En Belgique, il existe plusieurs formes de participation des travailleurs : la participation aux bénéfices, l’actionnariat salarié, les plans d’options sur actions, la cession d’actions limitée, le droit à la plus-value des actions et les plans d’achat d’actions.

 

 

Avant 2002, la réglementation de la participation financière visait à permettre la participation des salariés, à titre individuel, au capital de leur entreprise sous différentes formes, par exemple les actions réservées au personnel, les plans d’options sur actions, la possibilité de participer à la plus-value des actions, etc.

 

La loi sur la participation aux bénéfices et l’actionnariat salarié votée en 2002 s’adresse à l’ensemble du personnel des entreprises sur un plan collectif et n’a clairement pas pour objet de favoriser la motivation individuelle des salariés.

 

La loi belge sur la participation aux bénéfices et l’actionnariat salarié repose sur les principes suivants :

  • La participation est réglementée au niveau de l'entreprise. Un régime de participation ne peut pas s’appliquer à l’ensemble d’un secteur.
  • Chaque entreprise décide librement de mettre en place un régime de participation financière des salariés.
  • Le dispositif de participation doit être le résultat d'une concertation collective entre l'employeur et les travailleurs.
  • Si une entreprise introduit un système de participation financière des salariés, celui-ci doit être ouvert à l’ensemble du personnel.
  • L’objectif de la participation financière est de renforcer la motivation collective. La motivation individuelle doit être encouragée par d’autres mécanismes, par exemple les plans d’options sur actions.
  • La participation financière ne doit pas se substituer au revenu, mais le compléter.

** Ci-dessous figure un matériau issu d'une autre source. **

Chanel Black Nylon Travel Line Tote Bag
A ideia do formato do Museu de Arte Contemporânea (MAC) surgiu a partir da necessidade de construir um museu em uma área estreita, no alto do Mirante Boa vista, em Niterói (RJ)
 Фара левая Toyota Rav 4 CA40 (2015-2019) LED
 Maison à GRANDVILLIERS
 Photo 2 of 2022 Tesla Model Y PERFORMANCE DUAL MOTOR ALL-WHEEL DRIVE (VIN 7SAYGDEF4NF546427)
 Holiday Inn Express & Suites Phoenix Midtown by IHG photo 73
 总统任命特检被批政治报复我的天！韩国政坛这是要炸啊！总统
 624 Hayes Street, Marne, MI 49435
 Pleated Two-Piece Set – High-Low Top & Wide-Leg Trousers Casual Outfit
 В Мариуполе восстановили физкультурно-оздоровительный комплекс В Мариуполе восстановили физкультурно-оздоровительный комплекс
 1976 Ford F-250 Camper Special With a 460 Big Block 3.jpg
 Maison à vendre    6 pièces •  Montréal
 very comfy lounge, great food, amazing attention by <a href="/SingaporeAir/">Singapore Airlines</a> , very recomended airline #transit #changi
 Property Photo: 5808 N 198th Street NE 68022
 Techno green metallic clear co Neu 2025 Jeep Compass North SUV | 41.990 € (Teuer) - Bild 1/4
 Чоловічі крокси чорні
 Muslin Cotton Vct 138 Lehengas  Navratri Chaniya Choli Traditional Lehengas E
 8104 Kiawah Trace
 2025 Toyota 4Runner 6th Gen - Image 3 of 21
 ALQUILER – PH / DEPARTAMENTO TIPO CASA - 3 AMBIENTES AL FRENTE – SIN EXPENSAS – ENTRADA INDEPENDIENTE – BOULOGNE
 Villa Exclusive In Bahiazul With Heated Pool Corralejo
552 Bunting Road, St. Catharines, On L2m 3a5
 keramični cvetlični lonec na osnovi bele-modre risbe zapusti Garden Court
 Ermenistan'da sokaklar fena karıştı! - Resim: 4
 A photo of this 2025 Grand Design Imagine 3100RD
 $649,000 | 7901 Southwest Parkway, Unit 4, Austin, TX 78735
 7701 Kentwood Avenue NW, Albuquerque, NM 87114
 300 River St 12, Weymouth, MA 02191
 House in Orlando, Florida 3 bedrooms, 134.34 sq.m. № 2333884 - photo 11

La loi définit principalement trois formes de participation : la participation des salariés aux bénéfices, la participation des salariés au capital et la participation des salariés dans les PME convertie en prêt d’entreprise. Ces trois formes de participation sont encouragées par l’État.

 

Les formules d’actionnariat sont exonérées de charges sociales pour les employeurs et les salariés. Les régimes d’intéressement aux bénéfices sont assujettis à des charges forfaitaires. Toutes les formes de participation bénéficient d’avantages fiscaux, quoique à des degrés divers. Les salariés qui sont prêts à endosser une partie du risque lié à la gestion de leur entreprise jouissent des mesures fiscales les plus avantageuses.

Wilke, Maack et Partner (2014). Rapports nationaux sur la participation financière en Europe, élaborés pour le site www.worker-participation.eu. Première publication en 2007 et mise à jour complète en 2014.